Das Ding mit der Selbstliebe.

Gastbeitrag von Anne

Selbstliebe! Mega gute Sache. Alle vermeintlichen „Schönheitsfehler“ annehmen; alle Dellen, Fettpolster, Narben feiern – ein bisschen Glitzer drauf; den kleinen, großen und unterschiedlich geformten Brüsten ein Denkmal errichten – schön! Also ja, absolut, ich wäre dabei. 

Aber zumindest bei mir funktioniert das nicht so schnell mit der Liebe. Weder bei Menschen noch bei meinem eigenen Körper. Jahrzehntelang war ich felsenfest davon überzeugt, dass ich nicht gut genug bin, wie ich bin. Und mit „gut“ meine ich attraktiv. Denn das war eine weitere Überzeugung: Ich wurde gemocht für mein Äußeres, vor allem von Männern. Und da ich von Natur aus nicht schön, schlank und anziehend genug war, musste ich mich optimieren, koste es, was wolle – auch meine psychische und physische Gesundheit.

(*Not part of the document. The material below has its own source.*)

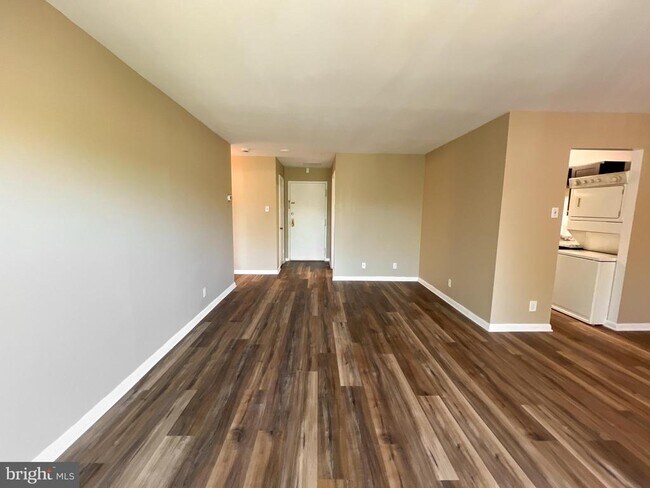 Photo - 12001 Old Columbia Pike Unit 315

Doch egal, wie gestylt meine Haare waren, wie wenig ich gegessen und wie viel Sport ich gemacht hatte; wie viel Schminke ich trug; wie figurbetont und cool meine Klamotten waren, das Gefühl von Zufriedenheit stellte sich nie ein. Komisch, oder?

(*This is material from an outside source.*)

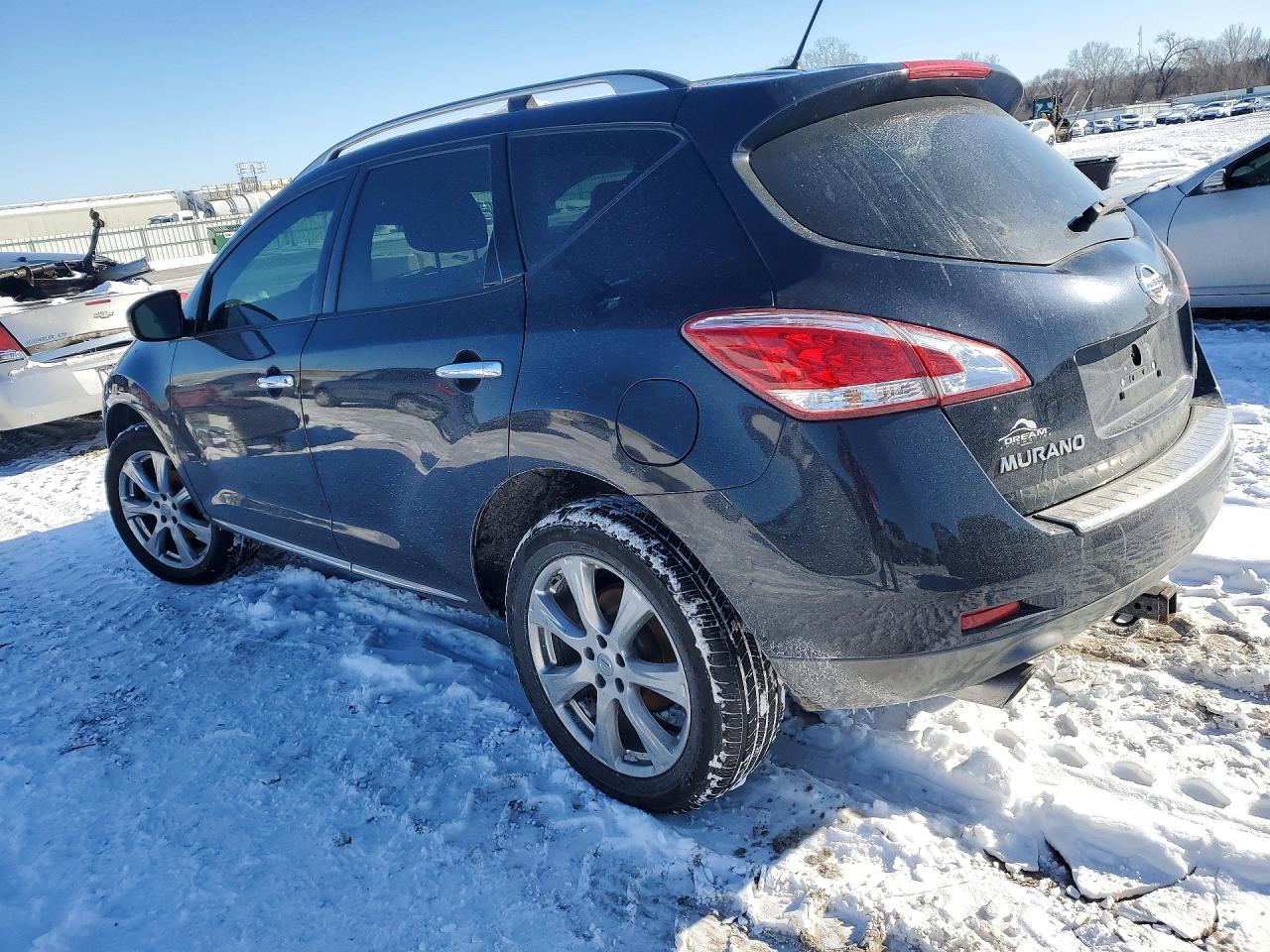 2014 NISSAN MURANO S photo 2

Wenigstens ein paar Männer interessierten sich für mich. Um genau zu sein: für eine Nacht. Immerhin! Da ich allerdings mehr unglücklich als alles andere war, konnte ich mir davon auch nichts kaufen.

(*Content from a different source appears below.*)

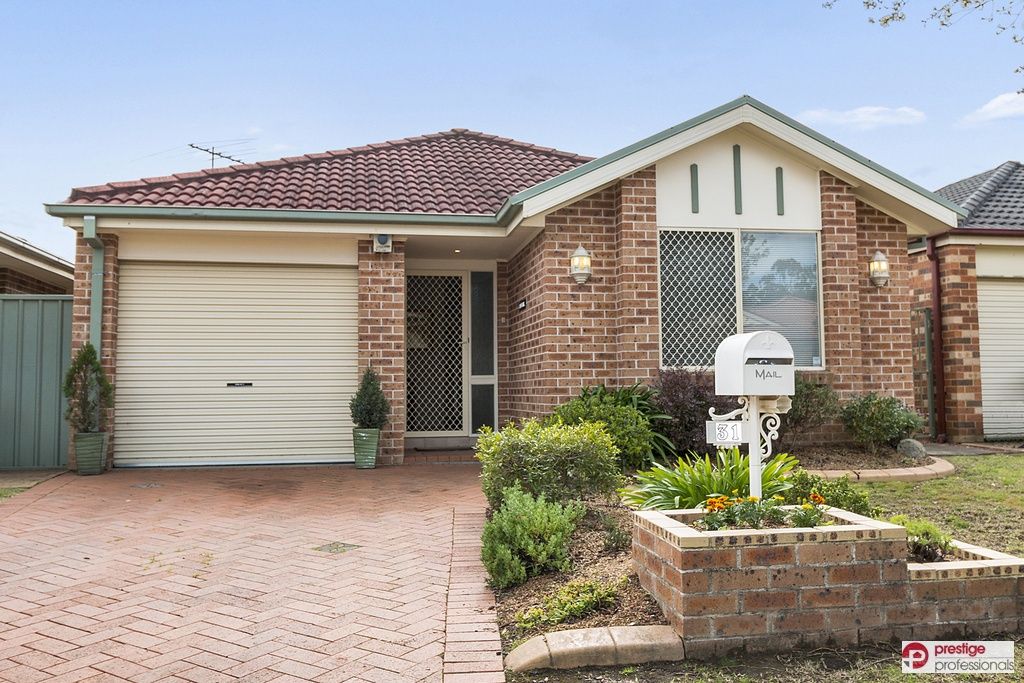 31 Somercotes Court, Wattle Grove NSW 2173, Image 0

Mithilfe meiner überaus geschätzten Therapeutin habe ich es geschafft, eine andere Beziehung zu mir und meinem Körper aufzubauen. Wie bei den meisten Beziehungen gab es gerade am Anfang auch einige Rückschläge. Zwischendurch war es mal kompliziert und mittlerweile sind wir ganz stabil unterwegs. 

Ich habe realisiert, dass ich mehr bin als mein Äußeres; mehr als eine Zahl auf der Waage, eine Frisur oder die lang geschminkten Wimpern; mehr als ein knackiger Arsch oder muskulöser Bauch. Was mich ausmacht, siehst du nicht unbedingt auf den ersten Blick. Du bekommst es mit, wenn du mich kennenlernst, wenn du erfährst, wie ich ticke und welche Werte mir am Herzen liegen, wofür ich mich einsetze, was mich aufregt und was mich begeistert. 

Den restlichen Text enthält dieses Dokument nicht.